Vorliegend hat der Arbeitgeber die geringfügig beschäftigten Arbeitnehmerinnen gerade nicht in die Tarifverträge für den Einzelhandel in Hamburg und Schleswig-Holstein eingruppiert. Ob der Arbeitgeber dazu verpflichtet ist, stellt den Hauptstreitpunkt der Beteiligten dar. Es geht dem Betriebsrat deshalb nach seinem gesamten Vorbringen um die "Aufhebung" dieser Nichteingruppierungen.
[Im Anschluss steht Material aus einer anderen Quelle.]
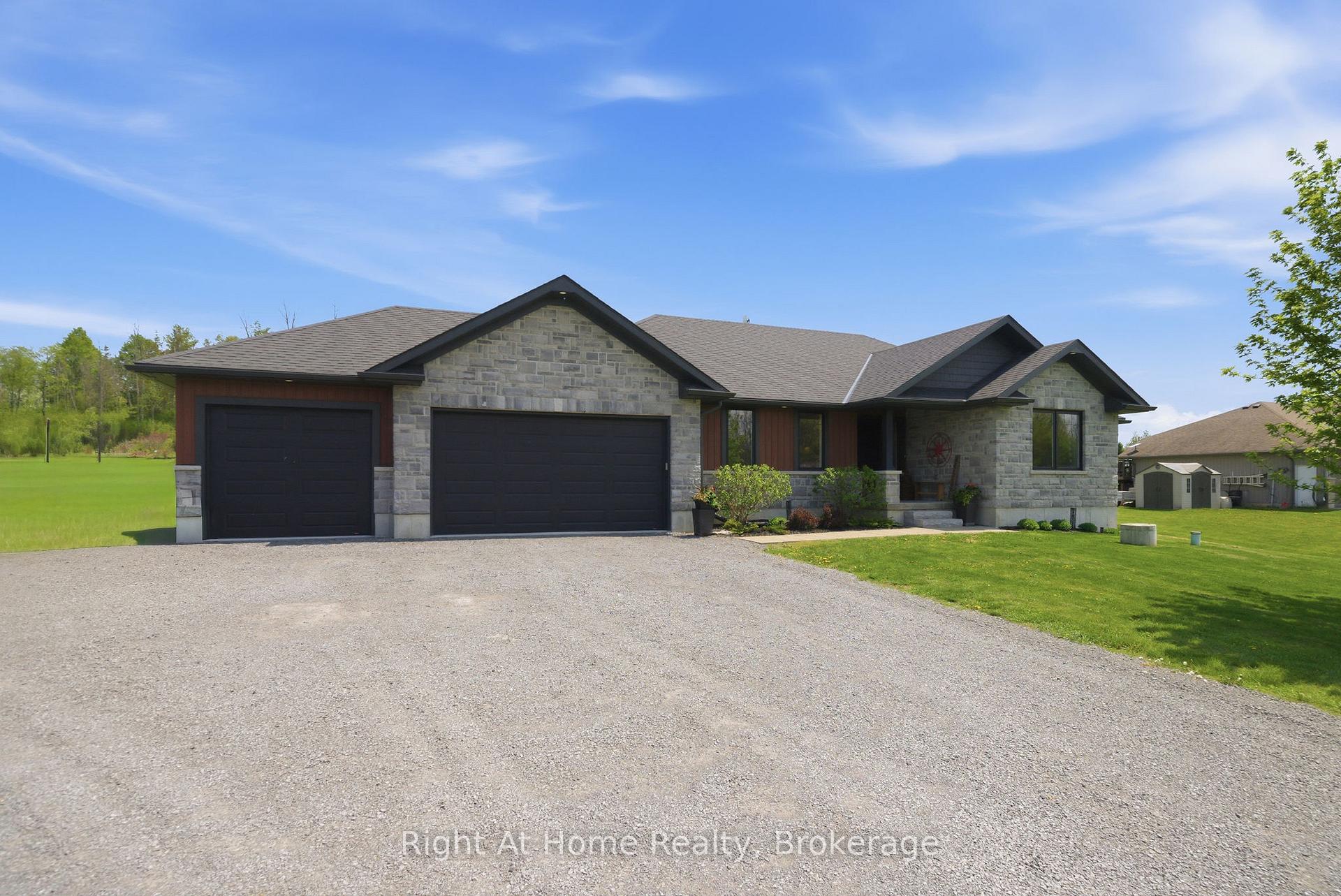 Photo 4 of 144 Hiddenvalley Drive, Belleville, Thurlow Ward — HOMEH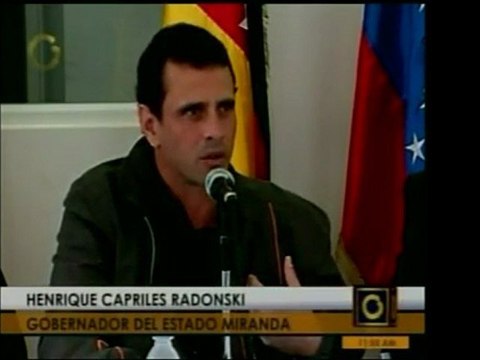 Los alcaldes Ledezma, Ocariz, y Graterón, junto al gobernado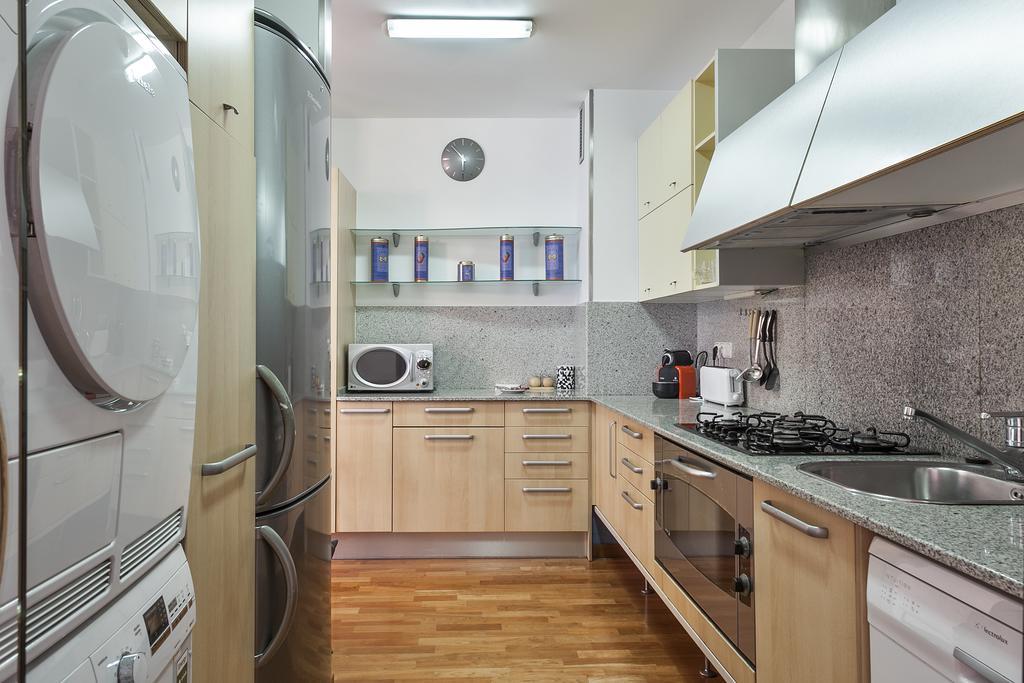 Canela Homes Barcelona Universitat Rom bilde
Sein Antrag ist deshalb dahingehend auszulegen, daß er die Verpflichtung des Arbeitgebers begehrt, die im einzelnen bezeichneten geringfügig beschäftigten Arbeitnehmerinnen gemäß den Tarifverträgen für den Einzelhandel in Hamburg und Schleswig-Holstein einzugruppieren, die Zustimmung des Betriebsrats zu diesen Eingruppierungen zu beantragen und im Verweigerungsfalle das arbeitsgerichtliche Zustimmungsersetzungsverfahren durchzuführen (vgl. BAGE 60, 330 = AP Nr. 62 zu § 99 BetrVG 1972).
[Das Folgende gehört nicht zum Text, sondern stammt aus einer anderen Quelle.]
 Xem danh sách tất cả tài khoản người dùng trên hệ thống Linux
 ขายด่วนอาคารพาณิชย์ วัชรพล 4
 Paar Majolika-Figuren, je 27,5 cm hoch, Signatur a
II. Der Antrag des Betriebsrats ist begründet. Der Arbeitgeber ist verpflichtet, auch geringfügig beschäftigte Arbeitnehmer gemäß den Tarifverträgen für den Einzelhandel in Hamburg und Schleswig-Holstein unter Beachtung der Mitbestimmungsrechte des Betriebsrats einzugruppieren.
1. Nach § 101 Satz 1 BetrVG kann der Betriebsrat, wenn der Arbeitgeber eine personelle Maßnahme im Sinne von § 99 Abs. 1 Satz 1 BetrVG ohne Zustimmung des Betriebsrats durchführt, beim Arbeitsgericht beantragen, dem Arbeitgeber aufzugeben, die personelle Maßnahme aufzuheben.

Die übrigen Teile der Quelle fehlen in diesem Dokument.